▶ ASSIGNMENT
What you give back should be exactly the lines from the one with "A parking garage" through the end of the data, without the pictures.

▶ SUPPLIED ENTRIES
================================

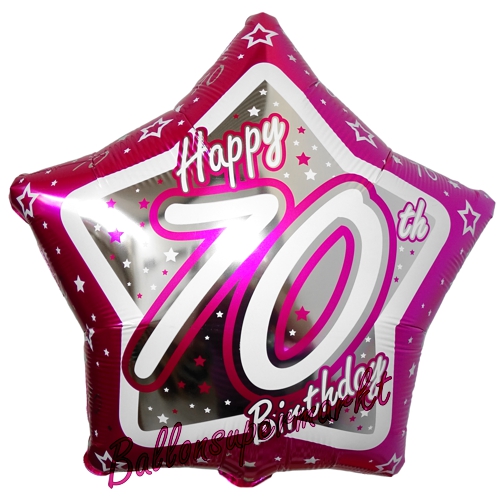 Folienballon-70.-Geburtstag-Pink-Star-Happy-70th-Birthday-Luftballon-Geschenk-Dekoration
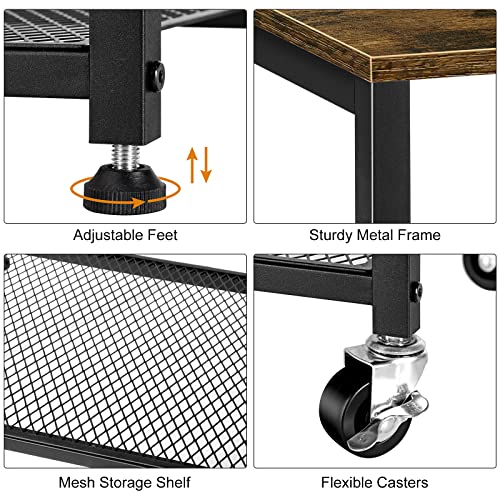 Eteli Side Table Small With Wheels Industrial Night Stand Storage Shelf 3 Tier Wood End Table With Metal Frame For Small Space Living Room Bedroom Kitchen Office #TOP5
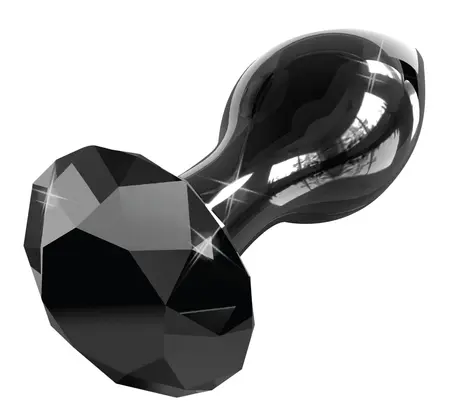 Pipedream Icicles No. 78 Glass Plug with Diamond-Shaped Base, Black 9 cm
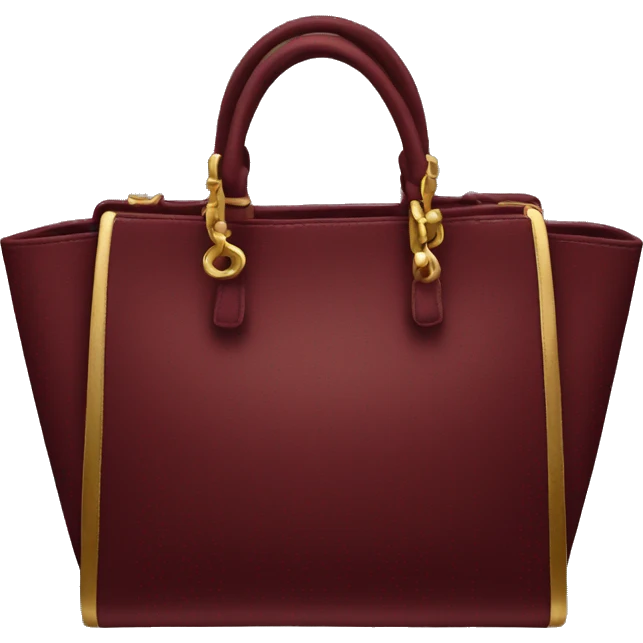 Dark red handbag with gold emoji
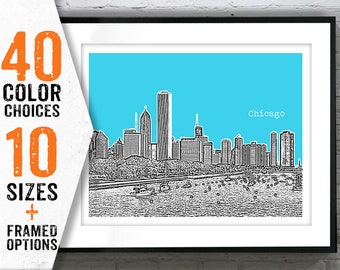 Chicago City Skyline Poster Print Art Illinois Bay Landscape Item T1557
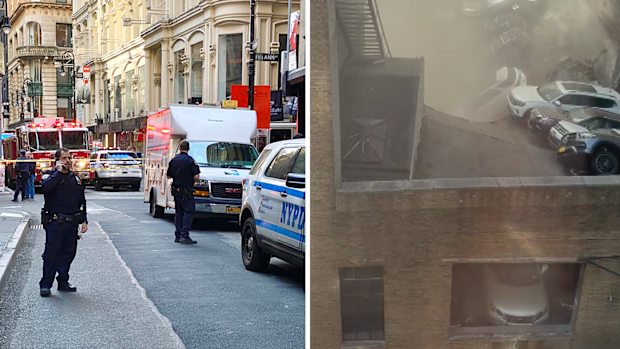 A parking garage has partially collapsed in New York City. 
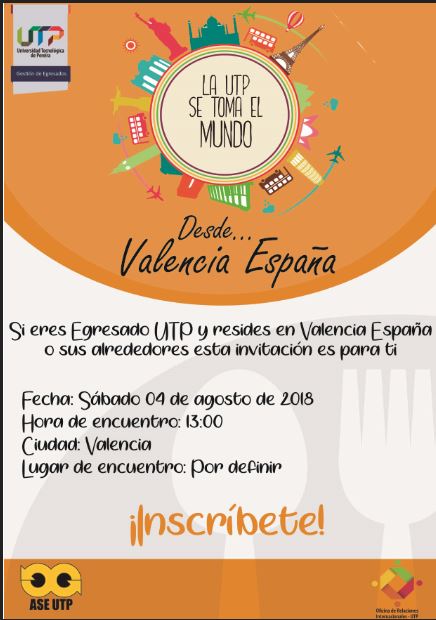 Nos vemos en Valencia España el 4 de Agosto de 2018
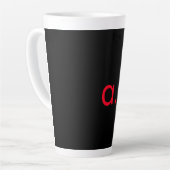 TASSE LATTE LETTRE INITIALE NOIRE ROUGE LETTRE NOIRE PLACE (Angle gauche)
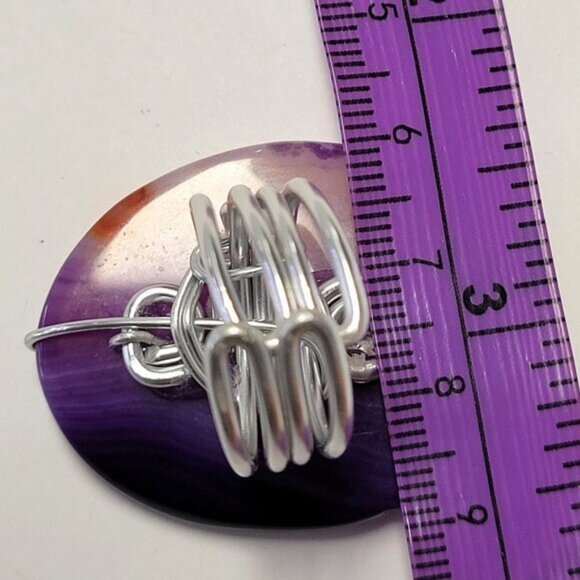 Purple Agate Ring Adjustable Band Handmade Semi Precious Ring - Picture 6 of 12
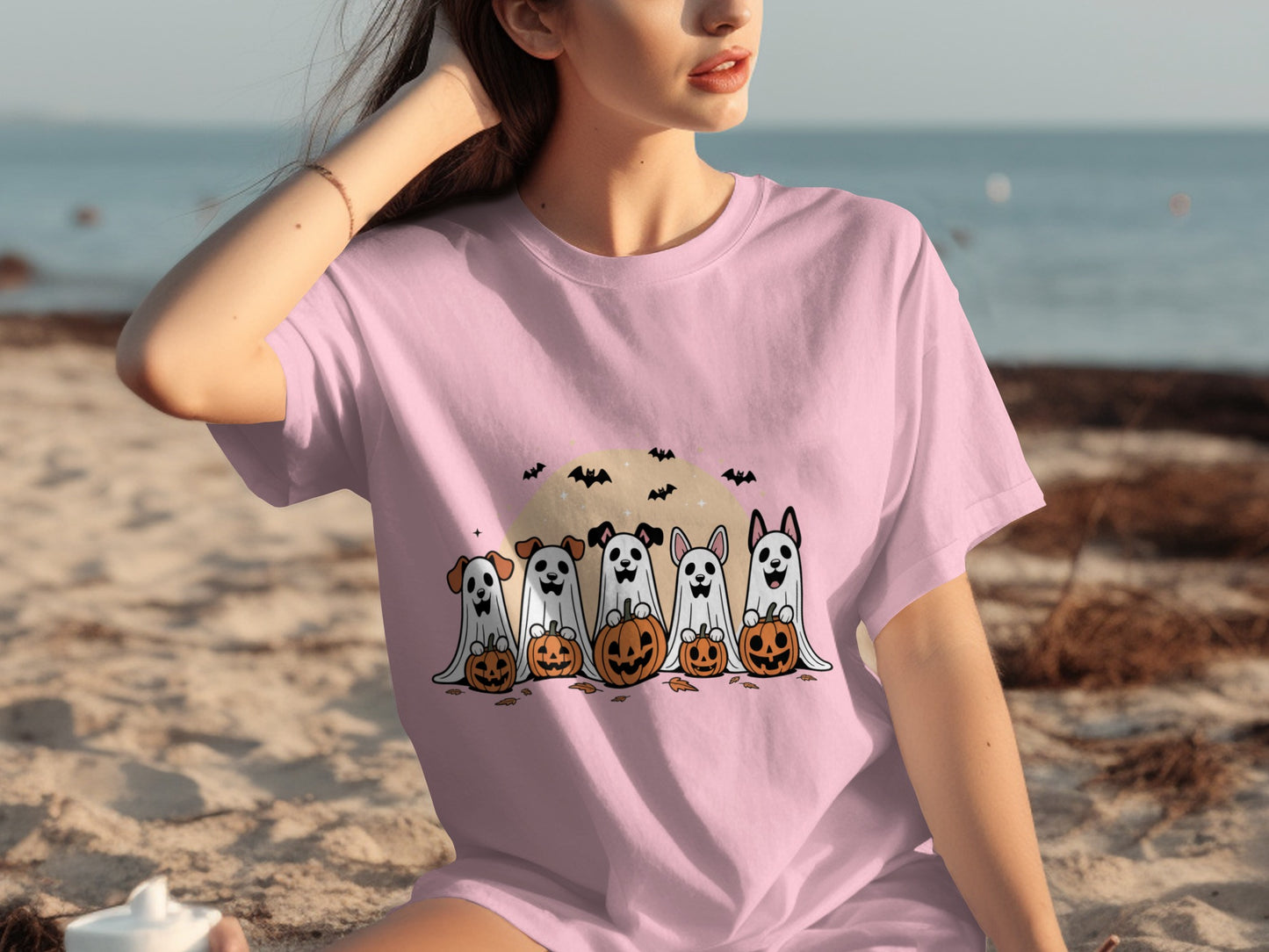 Cute Halloween Dogs T-shirt with Pumpkin Design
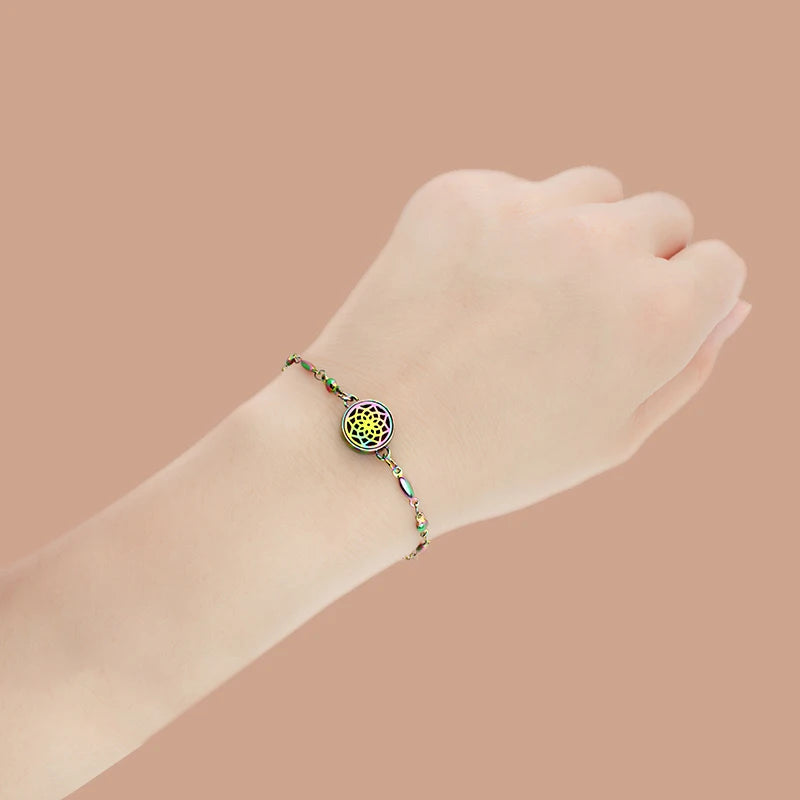 316L Stainless Steel 12mm Rainbow Color Bracelet Diffuser Locket Adjustable Chain Bracelet Fashion Jewelry Bangle Women Gift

================================

▶ TASK RESPONSE
 A parking garage has partially collapsed in New York City. 
 Nos vemos en Valencia España el 4 de Agosto de 2018
 TASSE LATTE LETTRE INITIALE NOIRE ROUGE LETTRE NOIRE PLACE (Angle gauche)
 Purple Agate Ring Adjustable Band Handmade Semi Precious Ring - Picture 6 of 12
 Cute Halloween Dogs T-shirt with Pumpkin Design
 316L Stainless Steel 12mm Rainbow Color Bracelet Diffuser Locket Adjustable Chain Bracelet Fashion Jewelry Bangle Women Gift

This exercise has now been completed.